Collatz Conjecture
Description
Recently, the first-year student Maxim learned about the Collatz conjecture, but he didn't pay much attention during the lecture, so he believes that the following process is mentioned in the conjecture:
There is a variable $x$ and a constant $y$. The following operation is performed $k$ times:
- increase $x$ by $1$, then
- while the number $x$ is divisible by $y$, divide it by $y$.
For example, if the number $x = 16$, $y = 3$, and $k = 2$, then after one operation $x$ becomes $17$, and after another operation $x$ becomes $2$, because after adding one, $x = 18$ is divisible by $3$ twice.
Given the initial values of $x$, $y$, and $k$, Maxim wants to know what is the final value of $x$.
Each test consists of multiple test cases. The first line contains an integer $t$ ($1 \le t \le 10^{4}$) — the number of test cases. Then follows the description of the test cases.
The only line of each test case contains three integers $x$, $y$, and $k$ ($1 \le x, k \le 10^{9}$, $2 \le y \le 10^{9}$) — the initial variable, constant and the number of operations.

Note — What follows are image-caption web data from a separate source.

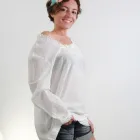 Afacere 4 imagine SARAH FASHION COUTURE Shopping în Bucureşti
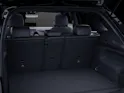 Mercedes-Benz EQA 350 AMG Line 4Matic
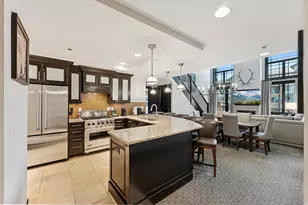 2100 W Frostwood Blvd, Park City, UT 84098 - Photo 12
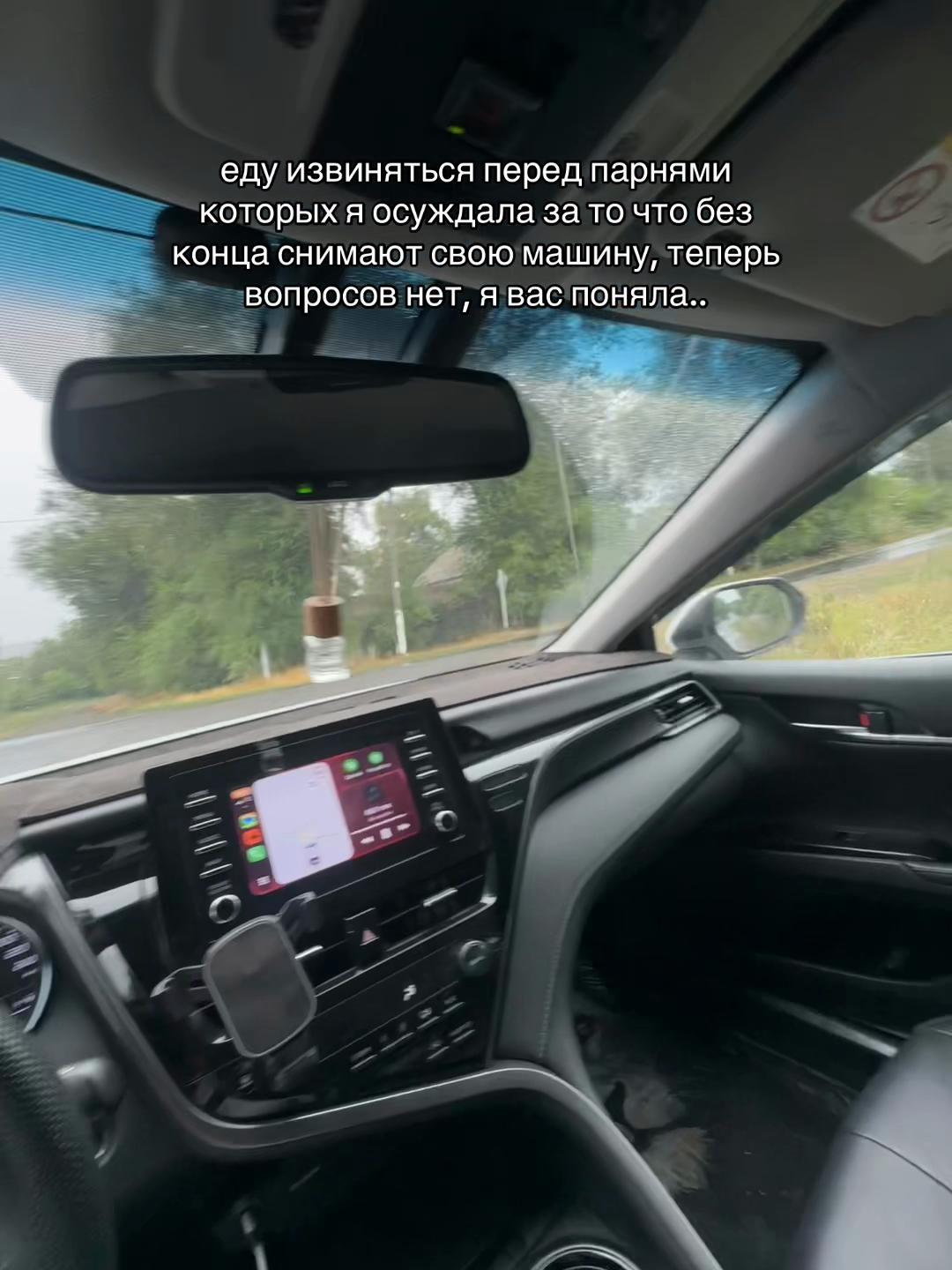 @Zhanuzakova.N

For each test case, output a single integer — the number obtained after applying $k$ operations.
Input
Each test consists of multiple test cases. The first line contains an integer $t$ ($1 \le t \le 10^{4}$) — the number of test cases. Then follows the description of the test cases.
The only line of each test case contains three integers $x$, $y$, and $k$ ($1 \le x, k \le 10^{9}$, $2 \le y \le 10^{9}$) — the initial variable, constant and the number of operations.
Output
For each test case, output a single integer — the number obtained after applying $k$ operations.
13
1 3 1
2 3 1
24 5 5
16 3 2
2 2 1
1337 18 1
1 2 144133
12345678 3 10
998244353 2 998244353
998244353 123456789 998244352
998244354 998241111 998244352
998244355 2 9982443
1000000000 1000000000 1000000000
2
1
1
2
3
1338
1
16936
1
21180097
6486
1
2
Note
In the first test case, there is only one operation applied to $x = 1$, resulting in $x$ becoming $2$.
In the second test case, for $x = 2$, within one operation, one is added to $x$ and it's divided by $y = 3$, resulting in $x$ becoming $1$.
In the third test case, $x$ changes as follows:
- After the first operation, $x = 1$, because $24 + 1 = 25$ and $25$ is divisible by $y = 5$ twice within one operation.
- After the second operation, $x = 2$.
- After the third operation, $x = 3$.
- After the fourth operation, $x = 4$.
- After the fifth operation, $x = 1$.